Accusing Venezuelan electoral officials of favoring that country's populist government, three opposition parties announced on Tuesday that they would pull out of congressional elections scheduled for Sunday.
The withdrawal of the three parties, two of which ruled Venezuela for four decades until President Hugo Chavez won office in 1998, could give the leftist governing party overwhelming control of the 167-member National Assembly.
If Chavez's slim majority in the Assembly increases to a two-thirds majority, the government will be poised to obtain a range of constitutional reforms, like an extension of the president's term.
"Under these conditions, we cannot participate in the electoral process," Henry Ramos, the secretary general of Democratic Action, said on Tuesday.
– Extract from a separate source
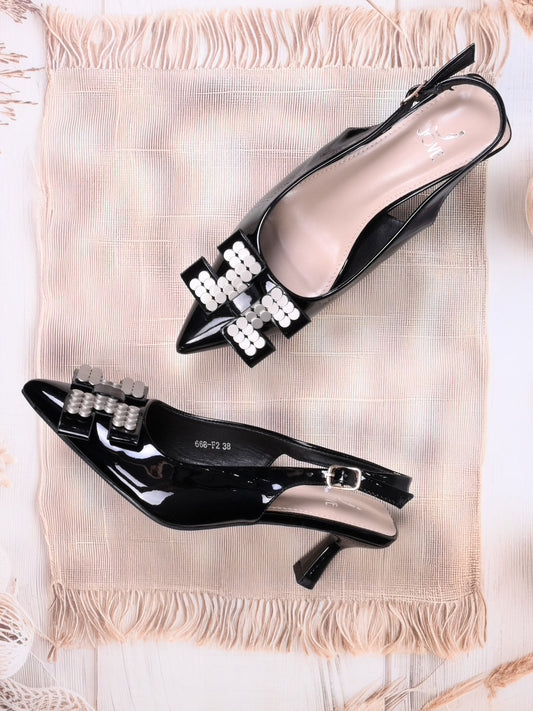 Women, Women Footwear, Black Pumps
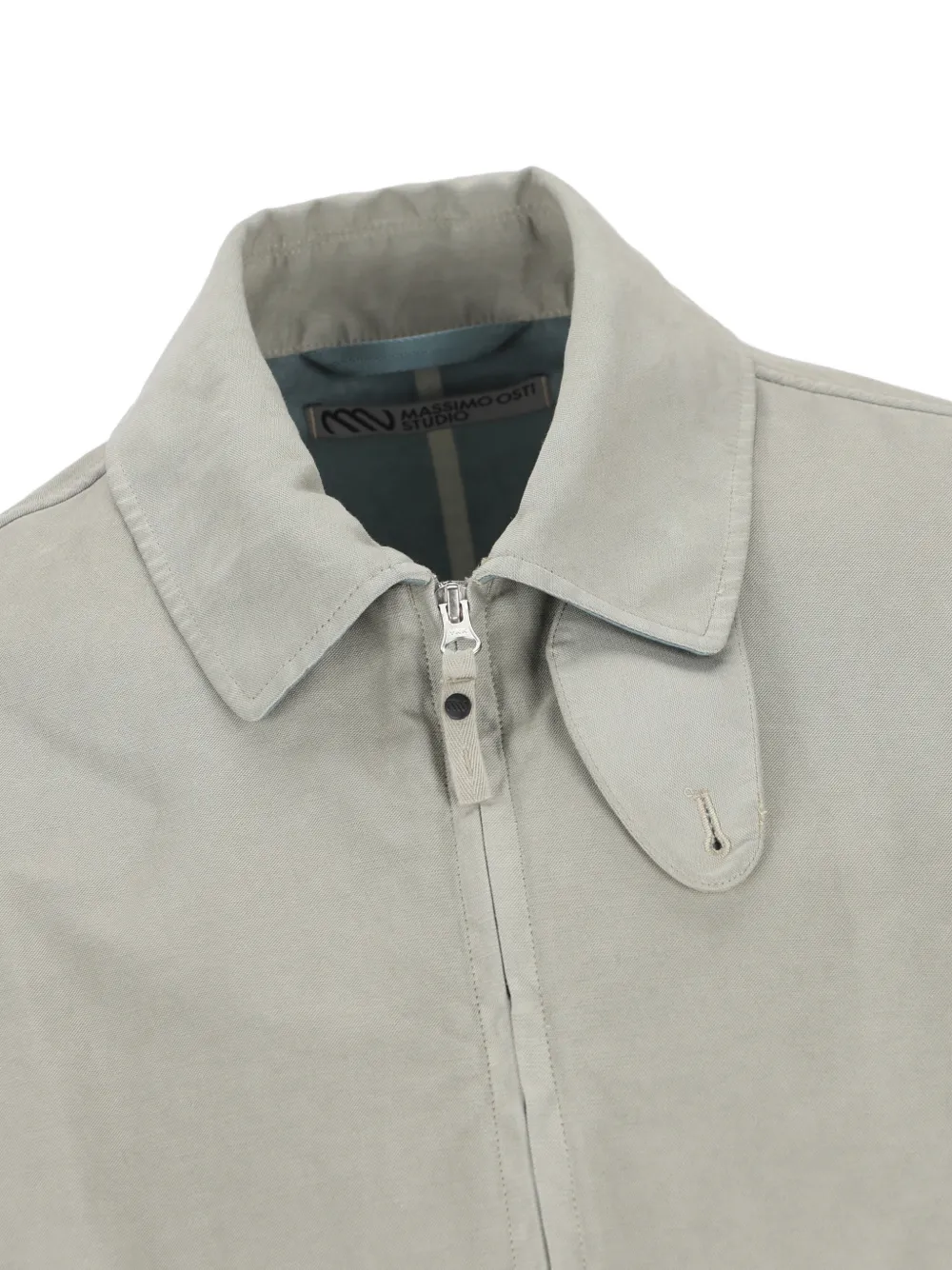  Massimo Osti Studio Polo Collar Bomber Jacket - Neutrals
Democratic Action and officials of two other parties, the Social Christian Party, or Copei, and the smaller Project Venezuela, accused the electoral authorities of failing to correct errors in the voter registry and in electronic voting equipment, opening the door to fraud and discrimination against opponents of the government.
"Across this country, there is a profound lack of confidence in the electoral arbiter because it does not say the truth," said Cesar Perez Vivas, secretary general of Copei, which had asked that the elections be delayed.
Chavez, though, called the opposition pullout "political sabotage" and said it would not discredit his government. Other officials said the vote would take place as planned and harshly accused the opposition of withdrawing because it faced a dire outcome at the voting booth.
"Very well, let them go to hell," Vice President Jose Vicente Rangel said. "They know they are defeated because they see the polls, too."
Rangel and allies of the president also accused the US of playing a role in the withdrawal of the parties, noting that an election-monitoring group that receives financing from Washington, Sumate, called for Venezuelans to gather in churches on Sunday and raise their voices in anti-government prayer.
The three parties that are withdrawing hold 36 seats in the assembly. Three other important opposition parties will take part in the election, but the absence of Democratic Action and Copei is expected to be a blessing for Chavez's Fifth Republic Movement and its allies, which control nearly 90 seats.
"It's a disaster, a disaster for the opposition," Luis Vicente Leon, a political analysts who heads the Datanalisis polling company, said by phone from Caracas.
"Only a small part of the opposition will participate, and that's a disaster," he said.
Leon said the withdrawal of the parties would give Chavez and his allies more than 80 percent of the National Assembly, 10 percent more than they would have won had the opposition parties not withdrawn.